Here’s How Danielle Charron Explains It
Danielle Charron is the Clinical Lead for CASA’s Children’s Day Program, which supports families and children in grades 3-6 who are dealing with mental health and learning challenges.
One of the program’s key components is SNAP (Stop Now And Plan), a cognitive behavioural therapy intervention developed by the Child Development Institute (CDI) to help children recognize and counter negative thoughts such as anxiety and fear and better address issues like impulse control.
We asked Danielle to explain how SNAP works. Here’s an edited version of what she told us:
SNAP is a cognitive behavioural therapy. It helps kids to stop themselves, recognize if they’re having negative thoughts or starting to become angry or nervous, upset or scared, and what can they do about it. It’s great for kids who are struggling with social competency, who have a low frustration tolerance, and who struggle with emotional dysregulation or impulse control.

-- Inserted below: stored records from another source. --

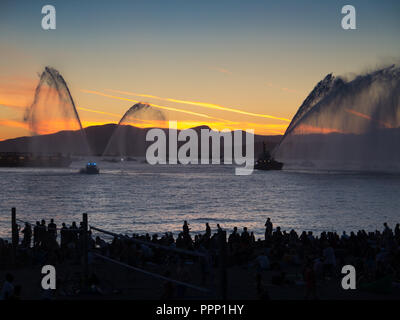 Canadian Fire Boat sunset water spray Stock Photo - Alamy
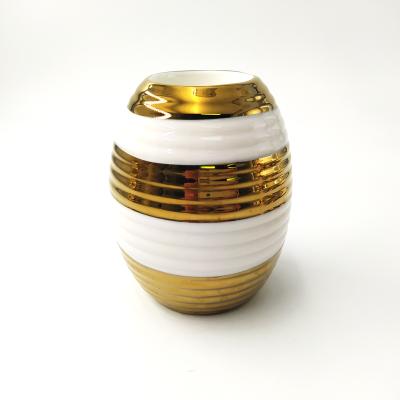 China Large Home Elegance Gold Luxury Candlestick Decoration Ceramic For Hotel And Restaurant for sale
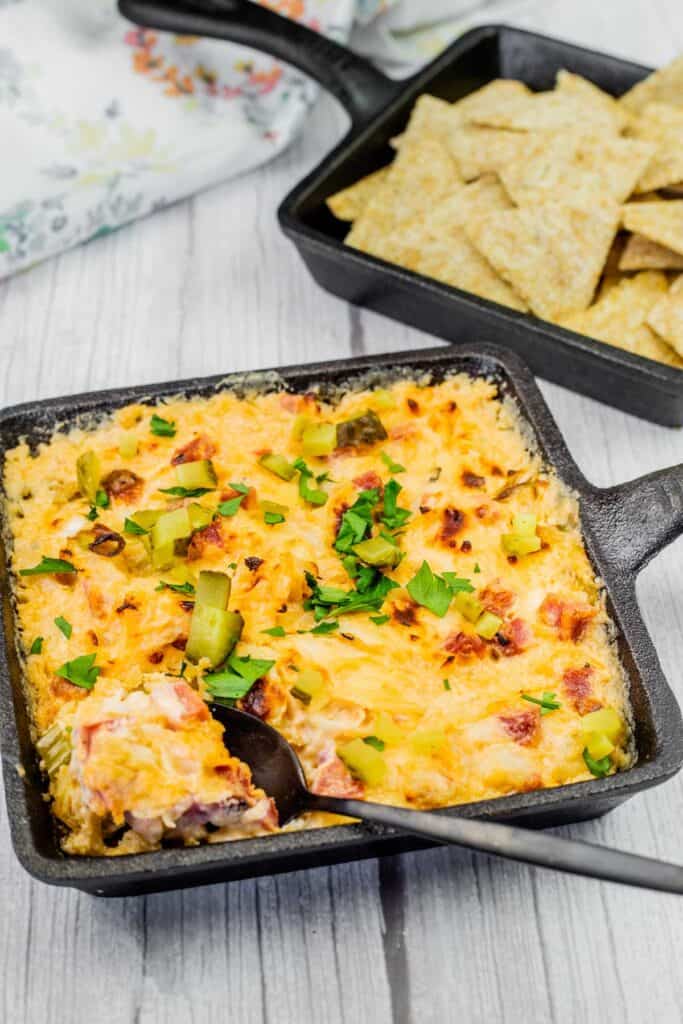Hot Reuben dip in a cast-iron skillet, garnished with chopped pickles and fresh parsley, served with crispy crackers for dipping.
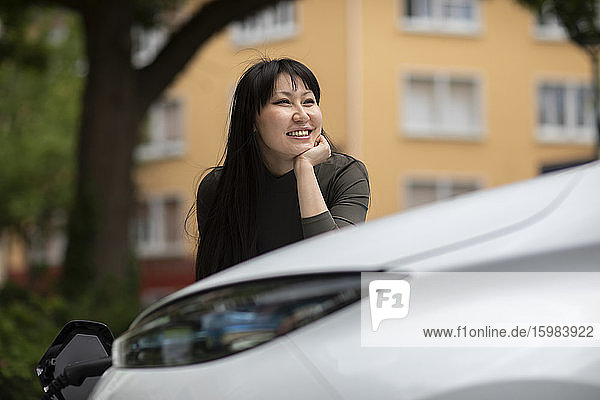 Carsharing  smiling woman charging an electric car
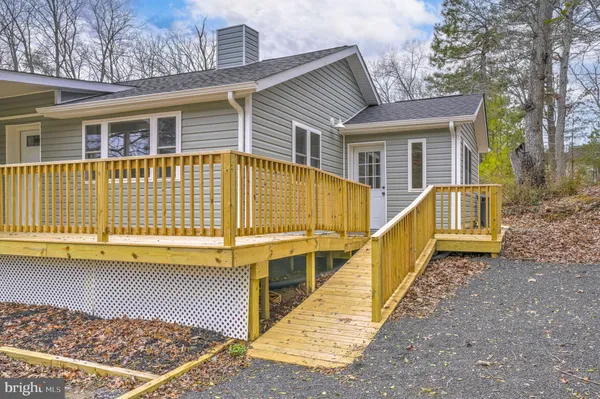 a view of a house with a wooden deck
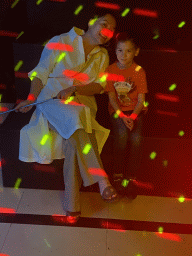 Miaomiao and Max at the disco room at the SuperNova Experience museum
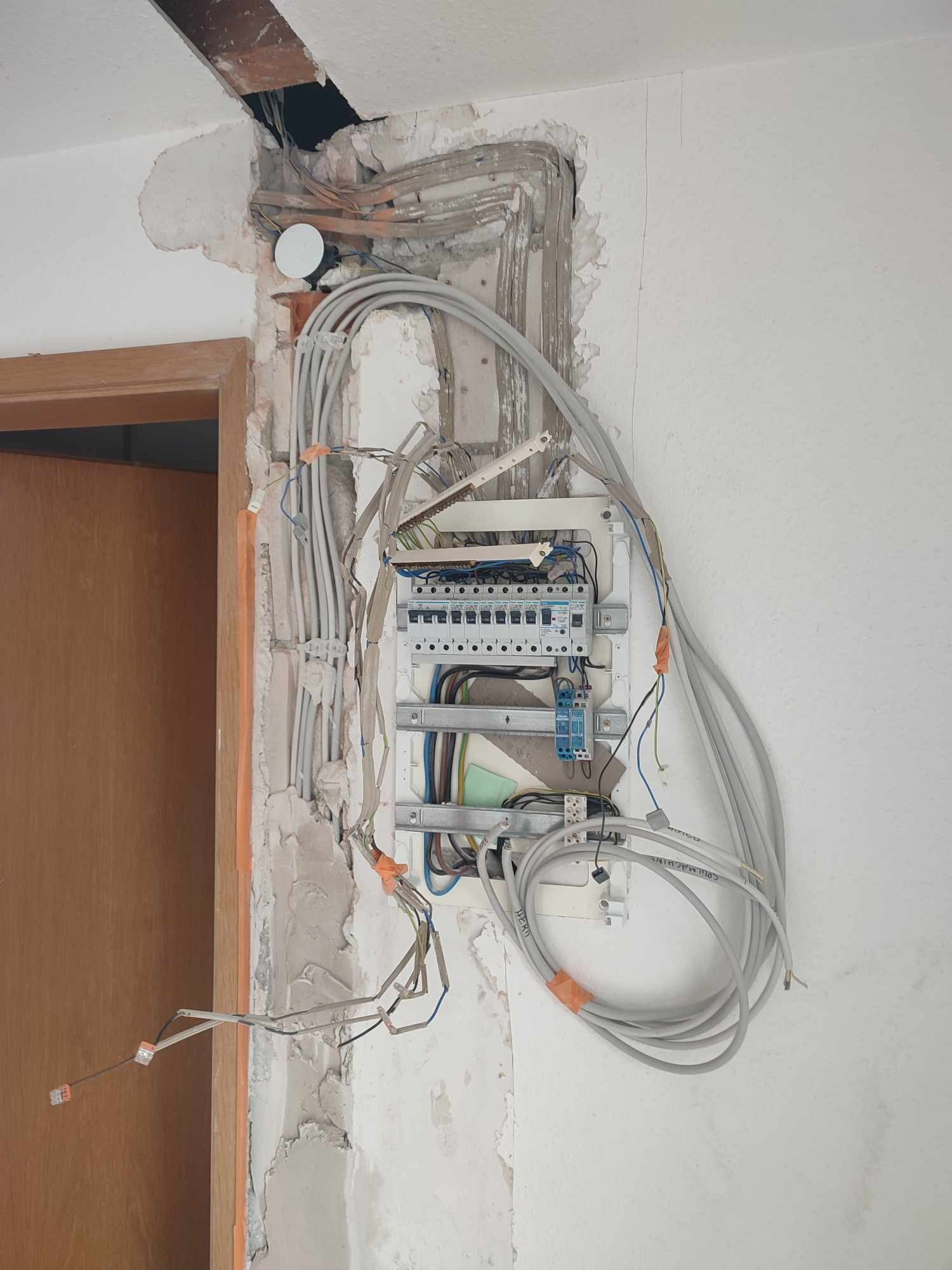 Rozdzielnia elektryczna w trakcie montażu, widoczne przewody, ściana w stanie surowym, obok ościeżnica drzwi. Instalacja elektryczna w mieszkaniu.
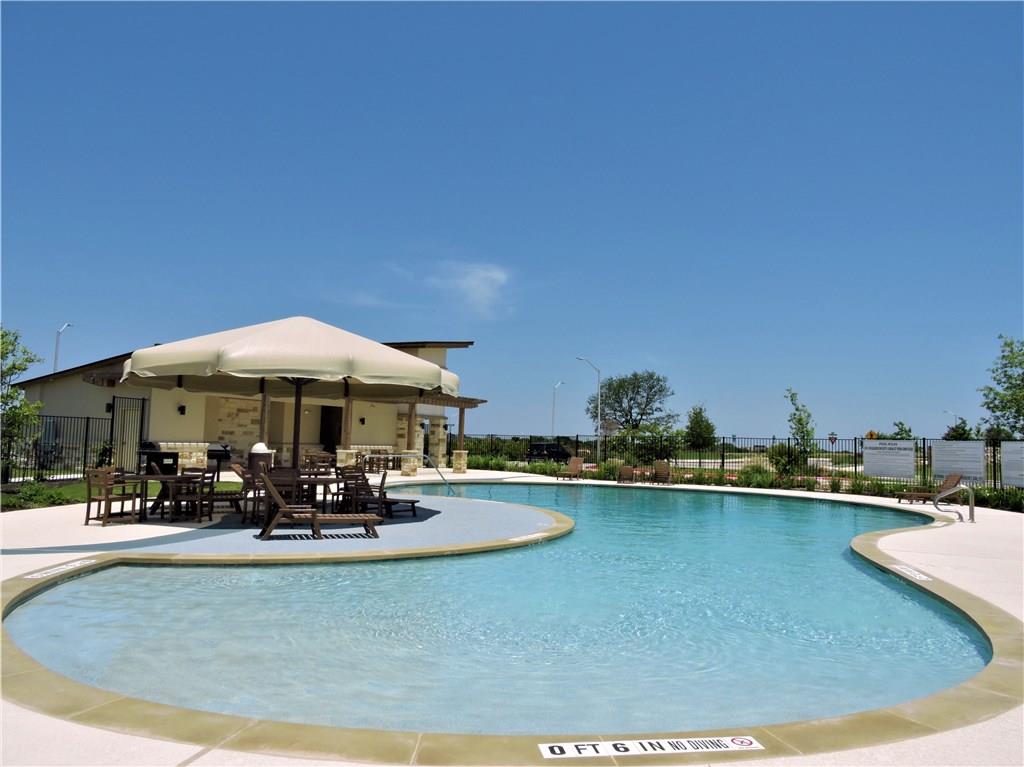 1005 Sundrops Street Leander, TX 78641 - Photo 33 of 39 a view of a swimming pool and outdoor space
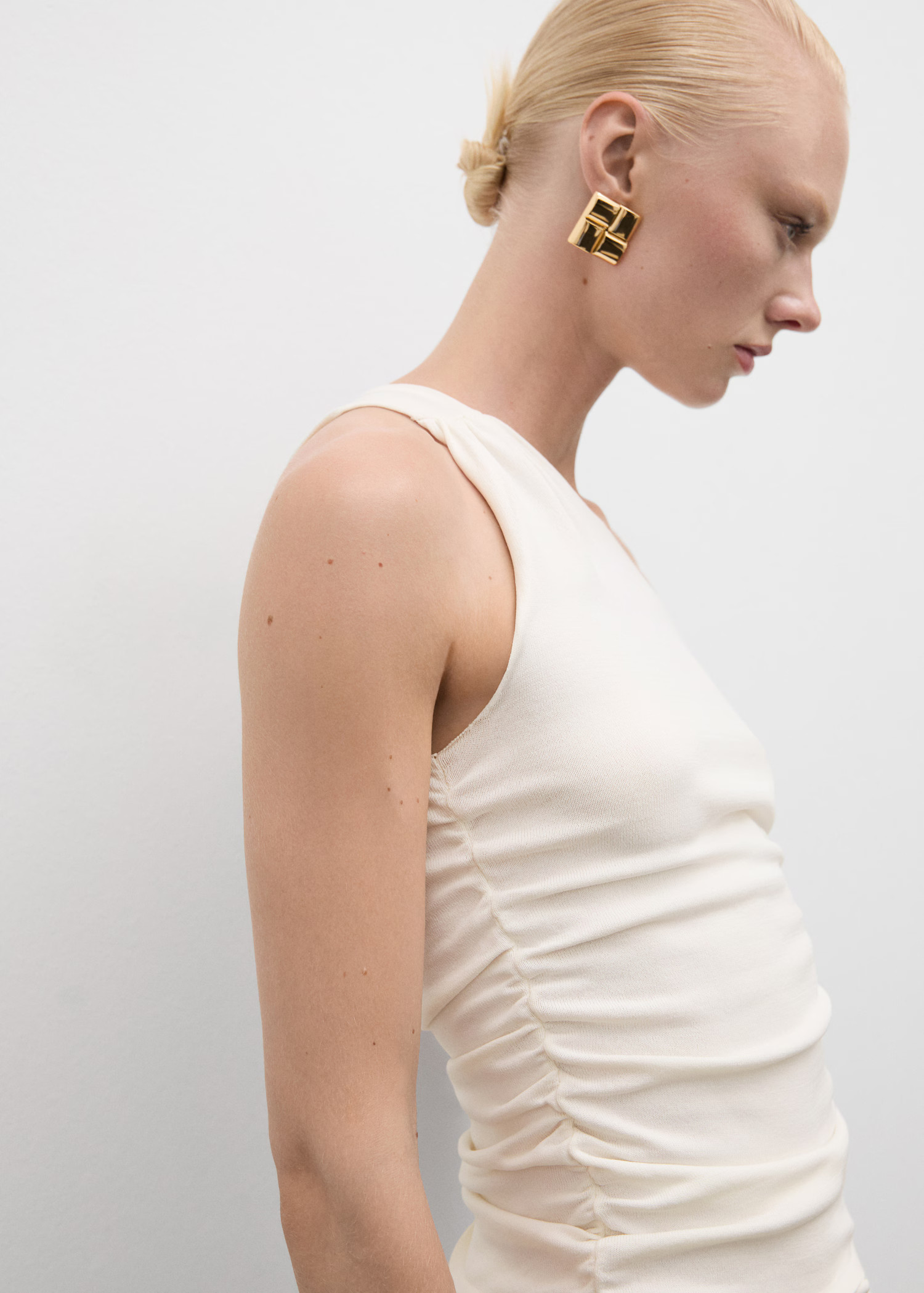 Asymmetric design top - Woman | MANGO USA | MANGO (US)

An example I like to give is this: Imagine you’re at home and your sister takes your toy and you just want to punch her. If your first impulse is to clock your sister that’s not great. With Stop (the first element in SNAP), we give them tools to help stay calm, like snapping their fingers, counting to 10, or counting the colours in the room, to reset them in the moment.
Then there’s the ‘Now, And’ portion of SNAP, which is really about discussing the thoughts in their brains, in child-friendly terms. So we talk about ‘hard’ and ‘cool’ thoughts. A ‘hard’ thought is a negative thought, something like “I’m losing control, I can’t do this.” Or in the case of the kid who wants to clock his sister, it might be “I just want to punch her in the face.”
So we want them to create a ‘cool’ thought to replace it. For the kid who wants to punch his sister, it might be: “I don’t want to get into trouble,” so we encourage them to focus on that instead.
The next step is the ‘Plan’ part: What is your plan moving forward? A good plan should always make your problem smaller, never bigger. It should make you feel like a winner and it should never result in harm to yourself or others.
For the kid who wants to punch his sister, the ‘Plan’ could be: “If I punch my sister my parents are going to be mad at me, they’re going to ground me, and I’m going to lose my privileges. Instread, I could walk away so my parents won’t yell at me, I can go to my room to cool down, and then talk to my parents.”
We help coach them through bullying, sportsmanship, and what to do if they’re having a tough time in the classroom. We also role play with them, we video them, and then we review the video, like football coaches. We also run a parent group so parents and children are speaking the same language and using the same philosophy at home. That’s SNAP.